Tina Turner (1939-2023): toda a história contada num documentário que “ela não fazia ideia que estava a ser preparado”
David Redfern/Getty

Fera nos palcos e dona de um vozeirão invejável, Tina Turner - que morreu esta quarta-feira, aos 83 anos - passou largos anos subjugada à violência e aos ciúmes do marido Ike Turner. Depois, viria a ser coroada “rainha do rock” nos anos 80. Um documentário da HBO Max traz-nos essa história, aqui recuperada num artigo publicado originalmente em maio de 2022

Este documentário é feito de coisas a que não associamos Tina Turner, intérprete maravilhosa, cintilante, solar, sempre com aquele sorriso enorme de orelha a orelha. É um filme de mágoas e de ressentimentos. Chega mesmo a ser triste em especiais passagens. Há dores que não se esquecem, por mais que uma pessoa passe a vida a tentar fugir do passado. E também Tina tentou de certa forma escapar ao seu até ter decidido que, afinal, o melhor era encará-lo e fixar esse testemunho, em livros autobiográficos e agora neste filme.

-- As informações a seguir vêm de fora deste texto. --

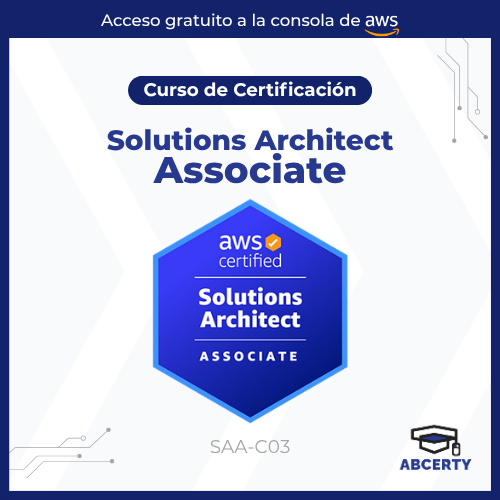 AWS Solutions Architect Associate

Quando a bonança veio e o êxito lhe bateu com toda a justiça à porta, quando ela conseguiu ser apenas ela e nada mais do que si própria naqueles anos 1980 e 1990 da glória planetária, Tina cantou ‘Ask Me How I Feel’. Não é por acaso que o filme arranca com essa canção. É que Tina, prisioneira de um casamento infeliz, viveu quase 20 anos com um homem, Ike Turner, com o qual nunca conseguiu ser feliz.

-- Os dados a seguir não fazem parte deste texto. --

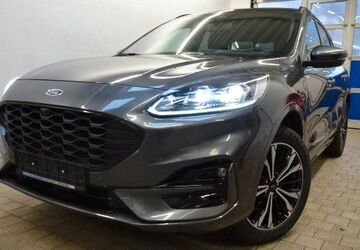 Ford Kuga 54.852 km 27.985 &euro; Oberlungwitz 09353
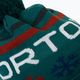 ORTOVOX Nordic Knit žieminė kepurė žalia 68022 3
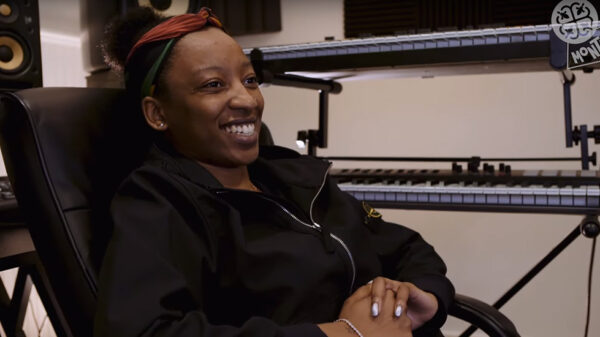 Montreality features WondaGurl: Discussing her studio essentials, women in hip-hop, Drake and more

Começaram juntos uma carreira nos finais da década de 50, foi ele, aliás, quem batizou artisticamente Anna Mae Bullock, nascida em 1939 em Brownsville, no Tennessee, a 50 quilómetros de Memphis, filha de pais camponeses (toda a família dela vinha da terra e do trabalho duro nas plantações de algodão). Mas só em 1981 contaria Tina ao mundo (numa entrevista à revista “People”) a verdadeira história da sua vida com o músico que a levara ao estrelato. Uma vida de abusos, humilhações e violências de toda a espécie, até um certo dia em que ela bateu com a porta do quarto de um hotel de Dallas e jurou que nunca mais. Abandonou o marido, deixou-o ficar com tudo mas exigiu guardar o nome artístico, a ‘Tina’ e o ‘Turner’ que ele lhe dera.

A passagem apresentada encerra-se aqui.